Her own earlier research had found that fever in pregnancy doubled the risk of autism or a developmental delay, but did not see an association with influenza and increased risk.
U.S. health officials emphasized that there are many reasons to treat fever and flu during pregnancy, including links to other ills, so this finding should not change how fever or flu is treated during pregnancy.
Atladottir told Reuters that some research in rodents suggests that women's activated immune cells can cross the placenta and change chemicals in a baby's brain before birth. How or if it applies to humans is unknown.
Animal studies "suggest that maternal immune infection produces long-lasting changes in the brain, including those seen in individuals on the autism spectrum," Alycia Halladay, senior director of environmental and clinical sciences at Autism Speaks, told HealthDay reporter Amanda Gardner. "Research suggests specific chemicals, called cytokines, may mediate this effect."

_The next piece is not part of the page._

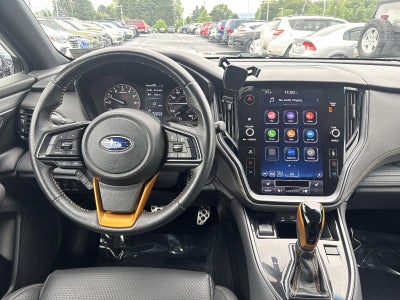 2022 Subaru Outback Wilderness CVT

Cytokines, Gardner wrote, are message-carrying cells of the immune system. Atladottir speculated to her that since some cytokines can cross the placental barrier, in this cause they might be "able to alter the release of neurotransmitters and thus affect fetal brain development."
The researchers also pointed out that doctors did not confirm their reports of flu and it's possible that influenza could be mistaken for something else and vice versa.
Regardless, "It is highly recommended that women avoid infection during pregnancy, and there are a variety of very practical ways to decrease the likelihood of this," Paul Patterson, who studies the immune system and brain development at the California Institute of Technology, told Reuters.